According to this aspect, in some embodiments, the method further comprises coupling the module PCB to the radio PCB, the coupling comprising soldering at a plurality of second solder joints. In some embodiments, the difference between the coefficient of thermal expansion CTE of the module PCB and the CTE of the radio PCB is less than a predetermined amount. In some embodiments, the module PCB and the radio PCB are of the same material and have the same CTE. In some embodiments, the size of the module PCB is larger than the area of the LTCC sheet. In some embodiments, the size of the RIF unit is the size of one antenna element. In some embodiments, the size of the RIF unit is the size of two rows of two antenna elements per row. In some embodiments, the size of the LTCC sheet is N rows of M antenna elements per row, where N and M are integers. In some embodiments, the size of the RIF unit is the size of an antenna element of the at least two antenna elements. In some embodiments, the module PCB has a size of at least two RIF units. In some embodiments, the solder structures are solder balls or bumps.

According to another aspect, an antenna-filter array module is provided. The antenna-filter array module includes a module Printed Circuit Board (PCB) having a first side having a first soldering structure and configured to be soldered to a low temperature co-fired ceramic (LTCC) sheet and a second side having a second soldering structure, the second side configured to be coupled to a radio PCB. The antenna-filter array module further comprises an LTCC sheet having at least two antenna elements and corresponding filters, the LTCC sheet being soldered to the first side of the module PCB at a first soldering structure and cuttable into RIF cells without reliability issues, each RIF cell having a size not greater than a predetermined maximum reliability size.
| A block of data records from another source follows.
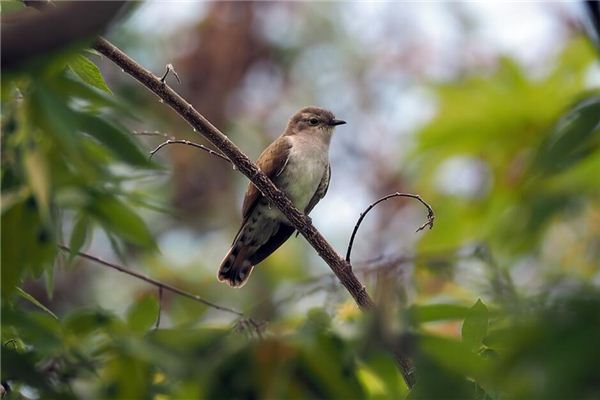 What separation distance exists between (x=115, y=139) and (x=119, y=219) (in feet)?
2.08

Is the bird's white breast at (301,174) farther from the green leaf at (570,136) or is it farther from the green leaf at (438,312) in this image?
the green leaf at (570,136)

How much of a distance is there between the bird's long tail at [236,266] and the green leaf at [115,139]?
402 cm

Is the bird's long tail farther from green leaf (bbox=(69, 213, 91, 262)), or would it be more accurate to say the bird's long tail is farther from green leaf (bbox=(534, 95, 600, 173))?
green leaf (bbox=(534, 95, 600, 173))

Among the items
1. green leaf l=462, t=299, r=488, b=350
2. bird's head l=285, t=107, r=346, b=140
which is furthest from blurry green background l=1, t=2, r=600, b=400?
bird's head l=285, t=107, r=346, b=140

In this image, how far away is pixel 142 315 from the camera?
7.01ft

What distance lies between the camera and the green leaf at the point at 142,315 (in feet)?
6.93

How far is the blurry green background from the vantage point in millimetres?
1592

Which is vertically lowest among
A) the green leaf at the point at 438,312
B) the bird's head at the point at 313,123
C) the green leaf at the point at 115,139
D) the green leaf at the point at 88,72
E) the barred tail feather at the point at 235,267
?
the barred tail feather at the point at 235,267

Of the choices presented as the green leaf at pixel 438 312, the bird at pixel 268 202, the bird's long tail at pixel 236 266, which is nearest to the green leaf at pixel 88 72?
the green leaf at pixel 438 312

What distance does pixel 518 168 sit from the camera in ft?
19.9

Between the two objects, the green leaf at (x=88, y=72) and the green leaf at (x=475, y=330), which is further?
the green leaf at (x=88, y=72)

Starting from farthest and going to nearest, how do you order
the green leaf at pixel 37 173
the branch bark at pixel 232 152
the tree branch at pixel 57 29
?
the branch bark at pixel 232 152, the green leaf at pixel 37 173, the tree branch at pixel 57 29

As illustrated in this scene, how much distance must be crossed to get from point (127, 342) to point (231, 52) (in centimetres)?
1120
According to this aspect, in some embodiments, the difference between the coefficient of thermal expansion CTE of the module PCB and the CTE of the radio PCB is selected to be less than a predetermined amount. In some embodiments, the module PCB and the radio PCB are of the same material and have the same CTE. In some embodiments, the size of the module PCB is larger than the area of the LTCC sheet. In some embodiments, the size of the RIF unit is the size of one antenna element. In some embodiments, the size of the RIF unit is the size of two rows of two antenna elements per row. In some embodiments, the size of the LTCC sheet is the size of N rows of M antenna elements per row. In some embodiments, the size of the RIF unit is the size of an antenna element of the at least two antenna elements. In some embodiments, the module PCB has a size equal to the LTCC sheet before cutting.
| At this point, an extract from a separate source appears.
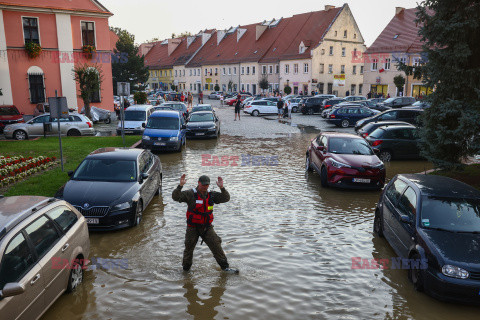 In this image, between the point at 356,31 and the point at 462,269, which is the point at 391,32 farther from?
the point at 462,269

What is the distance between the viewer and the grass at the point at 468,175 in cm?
1214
According to yet another aspect, a method of manufacturing an antenna-filter array module configured to be coupled to a radio printed circuit board, PCB, is provided, the antenna-filter array module having a module PCB with a first face and a second face, a first set of solder balls positioned on the first face, and a second set of solder balls positioned on the second face. The method includes bonding a low temperature co-fired ceramic (LTCC) sheet having a plurality of antennas and corresponding filters to a first side of a module PCB via a first set of solder balls, the module PCB having a Coefficient of Thermal Expansion (CTE) within a predetermined amount of a CTE of the radio PCB. The method further comprises cutting the LTCC sheet into a plurality of reliability cells after bonding, each reliability cell having a size less than a predetermined maximum reliability size.

According to this aspect, in some embodiments, the size of the module PCB is the size of the LTCC sheet. In some embodiments, the module PCB and the radio PCB are of the same material and have the same CTE.

Drawings

A more complete understanding of the present embodiments, and the attendant advantages and features thereof, will be more readily understood by reference to the following detailed description when considered in conjunction with the accompanying drawings wherein:

fig. 1 shows a top view and a cross-sectional side view of an antenna-filter array module;

FIG. 2 illustrates the application of underfill techniques;

FIG. 3 illustrates the use of solder-coated polymer balls;

fig. 4 shows an interposer interposed between the LTCC antenna-filter array and the radio PCB;

fig. 5 shows an array of unaligned LTCC antenna-filter elements, wherein the elements are first cut and then bonded to a radio PCB via a set of solder balls;

FIG. 6 illustrates one embodiment of an LTCC antenna-filter made in accordance with the principles set forth herein;

7A, 7B, and 7C illustrate three steps for forming an antenna-filter array module according to the principles set forth herein;

fig. 8 shows an embodiment of an antenna-filter array module, where RIF is a 2 x 2 array of antenna elements;

fig. 9 shows the embodiment of fig. 8 mounted on a radio PCB;

fig. 10 is a flow chart of an exemplary process for manufacturing an antenna-filter array module; and

fig. 11 is a flow diagram of an alternative exemplary process for manufacturing an antenna-filter array module.

Detailed Description

Before describing in detail exemplary embodiments, it is noted that the embodiments reside primarily in combinations of apparatus components and processing steps related to antenna-filter array modules and methods of making the same. Accordingly, the components have been represented where appropriate by conventional symbols in the drawings, showing only those specific details that are pertinent to understanding the embodiments so as not to obscure the disclosure with details that will be readily apparent to those of ordinary skill in the art having the benefit of the description herein.

As used herein, relational terms, such as "first" and "second," "top" and "bottom," and the like, may be used solely to distinguish one entity or element from another entity or element without necessarily requiring or implying any physical or logical relationship or order between such entities or elements.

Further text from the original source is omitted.